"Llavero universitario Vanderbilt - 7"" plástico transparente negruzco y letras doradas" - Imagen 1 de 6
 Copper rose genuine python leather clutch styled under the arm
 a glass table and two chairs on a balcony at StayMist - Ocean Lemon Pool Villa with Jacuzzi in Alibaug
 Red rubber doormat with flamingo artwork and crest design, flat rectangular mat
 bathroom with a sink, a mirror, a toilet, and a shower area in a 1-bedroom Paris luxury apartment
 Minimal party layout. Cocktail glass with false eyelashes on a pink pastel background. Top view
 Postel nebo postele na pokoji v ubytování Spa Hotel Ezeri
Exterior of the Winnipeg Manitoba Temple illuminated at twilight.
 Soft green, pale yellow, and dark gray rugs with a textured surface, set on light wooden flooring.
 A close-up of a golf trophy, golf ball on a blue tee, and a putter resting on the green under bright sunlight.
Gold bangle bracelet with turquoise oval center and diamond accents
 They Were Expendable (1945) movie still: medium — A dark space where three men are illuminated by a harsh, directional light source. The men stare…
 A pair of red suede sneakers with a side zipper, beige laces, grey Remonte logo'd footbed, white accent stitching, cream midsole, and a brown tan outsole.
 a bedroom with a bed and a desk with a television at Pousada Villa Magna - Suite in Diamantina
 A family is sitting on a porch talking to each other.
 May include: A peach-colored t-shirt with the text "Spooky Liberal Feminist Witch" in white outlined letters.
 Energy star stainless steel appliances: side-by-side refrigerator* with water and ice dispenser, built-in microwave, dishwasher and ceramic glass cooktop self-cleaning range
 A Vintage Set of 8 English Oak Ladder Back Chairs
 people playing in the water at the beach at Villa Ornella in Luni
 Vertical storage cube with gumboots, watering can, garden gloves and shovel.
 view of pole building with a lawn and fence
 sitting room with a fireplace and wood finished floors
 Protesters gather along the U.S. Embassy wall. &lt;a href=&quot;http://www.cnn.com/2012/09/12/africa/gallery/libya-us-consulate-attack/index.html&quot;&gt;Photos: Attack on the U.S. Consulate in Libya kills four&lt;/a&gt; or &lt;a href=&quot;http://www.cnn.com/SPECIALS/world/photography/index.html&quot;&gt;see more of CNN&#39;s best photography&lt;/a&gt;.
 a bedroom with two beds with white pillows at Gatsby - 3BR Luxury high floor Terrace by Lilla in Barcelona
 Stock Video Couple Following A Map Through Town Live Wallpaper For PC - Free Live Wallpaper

Work order
Within the material above, extract exactly the lines that start at the line containing "Red rubber doormat" and stop after the line containing "Minimal party layout.", and only those.

Answer section
 Red rubber doormat with flamingo artwork and crest design, flat rectangular mat
 bathroom with a sink, a mirror, a toilet, and a shower area in a 1-bedroom Paris luxury apartment
 Minimal party layout. Cocktail glass with false eyelashes on a pink pastel background. Top view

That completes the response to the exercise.